Alla lettera di un’insegnate di Costa Volpino (leggi) che ha scritto a Bergamonews per protestare contro la raccolta firme lanciata dalla Cgil per sensibilizzare i parlamentari sulla riforma previdenziale che ha cancellato il diritto di andare in pensione con 15 anni di contributi, risponde il segretario generale della Cgil di Bergamo Luigi Bresciani.
All’insegnante di Costa Volpino,
l’articolo probabilmente può dar adito a delle interpretazione errate e ce ne scusiamo. Voglio però chiarire subito che la Cgil non intende affatto ripristinare la possibilità per i lavoratori pubblici di andare in pensione dopo 15 o 20 anni di lavoro!
L’articolo citato fa riferimento all’ultima riforma previdenziale che “ha cancellato il diritto ad andare in pensione con 15 anni di contributi richiedendone almeno 20”. A cosa si riferisce? A conteggiare i contributi versati nell’arco della propria vita lavorativa quando si va comunque in pensione, prima della riforma a 60 anni per le donne, oggi a 62 e dal 2018 a 66.

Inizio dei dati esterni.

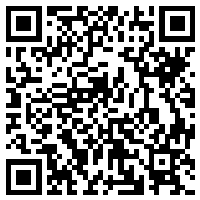 QR Code for bitcoin:bitcoin:bitcoin:bitcoin:dash:Xxbj7VK3o7qDc9XbGEJvucwhU95FApHRNo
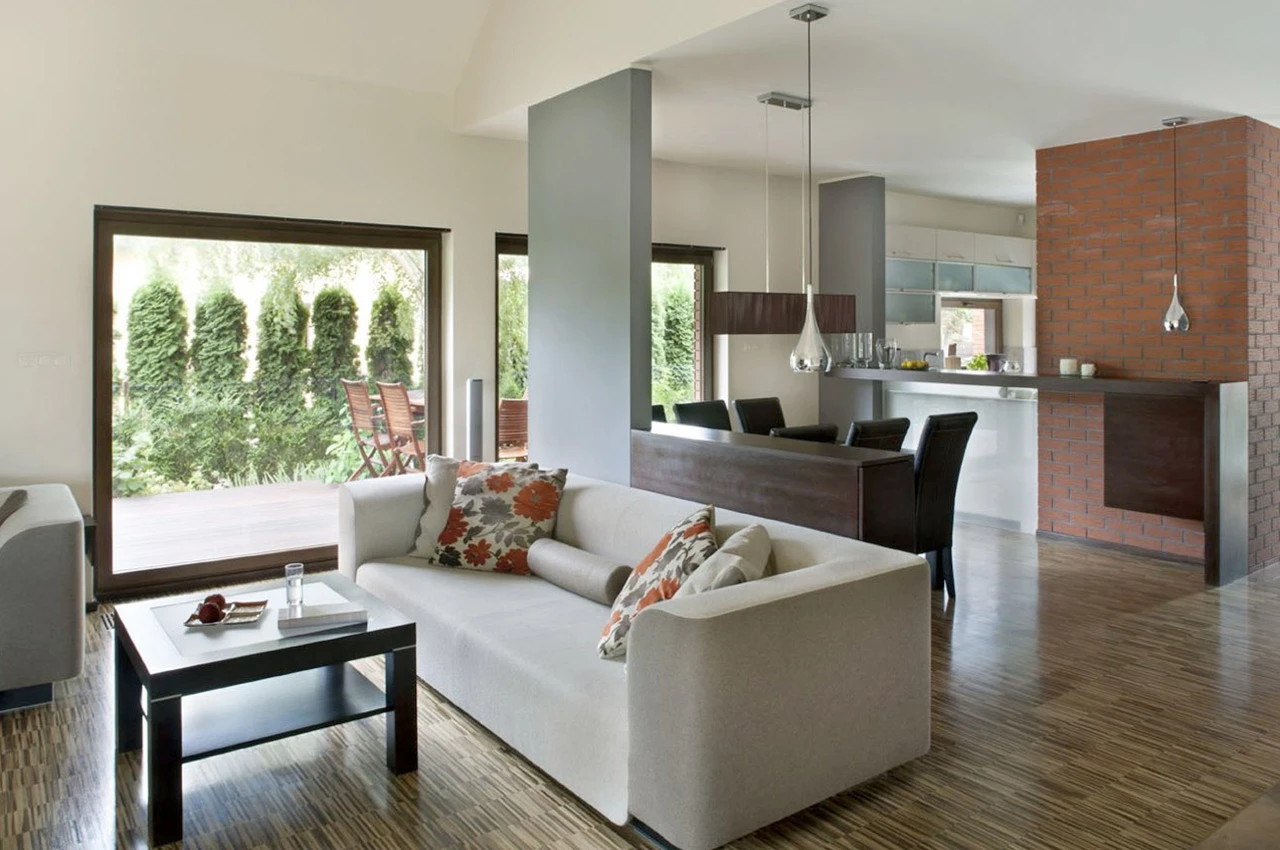 DzC0029-Dom-dwukondygnacyjny-2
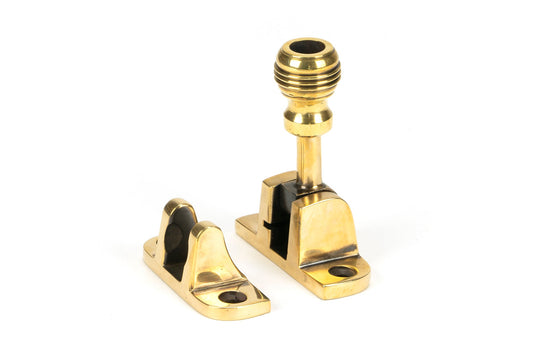 From The Anvil Prestbury Brighton Fastener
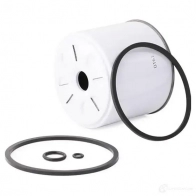 Топливный фильтр DENCKERMANN 1662451 a120001 5901225700773 Z CWJDM - Изображение 4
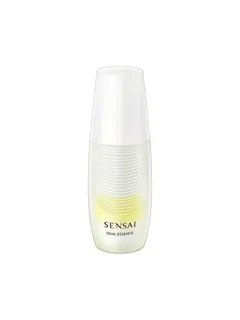 Sensai Serum - Dual Essence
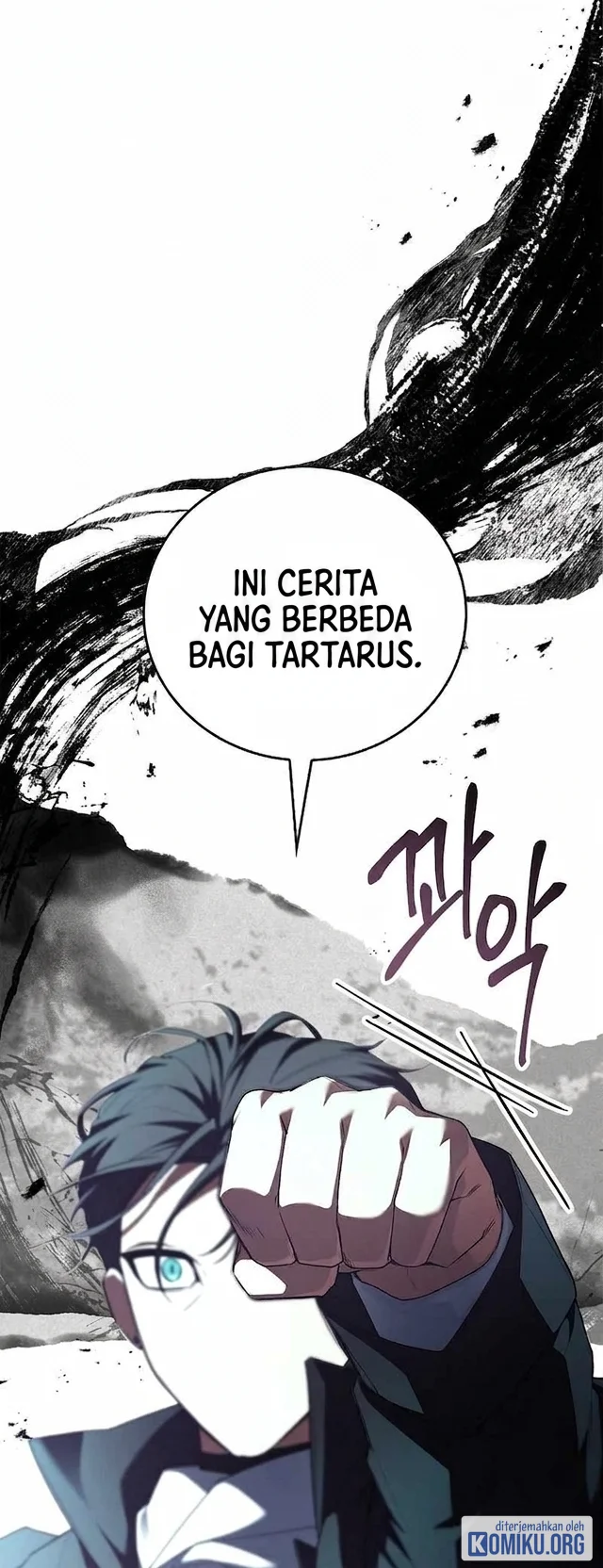 Chapter 97 - halaman 12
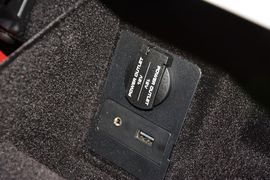 2013款保时捷911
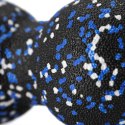 Podwójna piłeczka do masażu Spokey Grean Ball Duo SPK-944202 N/A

In sostanza se io vado in pensione a 62 anni e nella mia vita lavorativa ho versato 15 o 16 o 19 anni di contributi questi non conteranno nulla, saranno persi e questo, francamente non mi sembra giusto. L’unica possibilità sarà quello di versare dei contributi volontari ed aspettare il compimento dell’età richiesta (dai 62 anni in poi).
La riforma ha allungato in maniera brutale, soprattutto per le donne, l’età per andare in pensione innalzandola a 66 anni per le lavoratrici dei settori pubblici e a 62 anni per le lavoratrici dei settori privati, che diventeranno 66 nel 2018. Davanti a noi non c’è più nessuno, neppure la Germania! Una maggiore gradualità nel fare la riforma non avrebbe guastato.